I'd like to request that rclone check's --download flag be made available to the checksum validation process for rclone copy and rclone sync.
The basic problem I'm trying to solve is a multi-stage synchronization with an SFTP server in the middle that does not permit shell logins (so no checksum support). Something like source --> server --> many remote nodes. The remote nodes use date+size to identify changed files.
Unfortunately, the source in my case is a CI system that creates fresh copies of the various files, consequently with different created/last modified times, even if the contents are identical to the previous ones. File size alone isn't enough to ensure that the contents haven't changed. We don't want to just blindly re-upload, though, since that will change the modification time on the server; and cause all of the many remote nodes to perform unnecessary copies.
Fortunately for me, the source-->server link is on a fast network, so we can tolerate the cost of running rclone check --download to identify changed files without server-side hashing support. Unfortunately I end up having to run a multi-stage process of rclone check, followed by separate rclone copy, rclone delete commands with explicit file lists. It would be very convenient if the comparison operations performed by rclone sync could use all the features of rclone check.
Thanks for the suggestion! I really appreciate that folks from the community step up with deeper knowledge of the tool.
For my use case, I think the hasher overlay wouldn't help much. rclone check can skip the hash check on size differences, where synchronizing the hasher overlay with rclone hashsum would end up downloading everything and hashing anyways. From my read of the documentation, it doesn't look like the hasher overlay will transparently download to check hashes during copy or sync if they aren't available in the database -- but maybe I'm wrong about that? Alas I cannot rely on a persistent local cache, as my use case is for CI scripts which could be picked up and run on any random host in a fleet, and also I can't necessarily trust that the remote end hasn't been inadvertently mucked up by someone else (at least not yet).
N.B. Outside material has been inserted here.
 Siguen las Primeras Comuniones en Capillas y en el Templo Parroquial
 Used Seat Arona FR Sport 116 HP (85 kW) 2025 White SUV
Thank you! Maybe the hasher documentation could be updated to clarify this? As I read it, the Other operations section implied that the hash database will only be updated if a full transfer was explicitly requested, particularly as the hashsum command description explicitly documents how it uses auto_size but it is not discussed for other operations. Was the "other operations" section meant to be taken as a superset of the hashsum behaviour?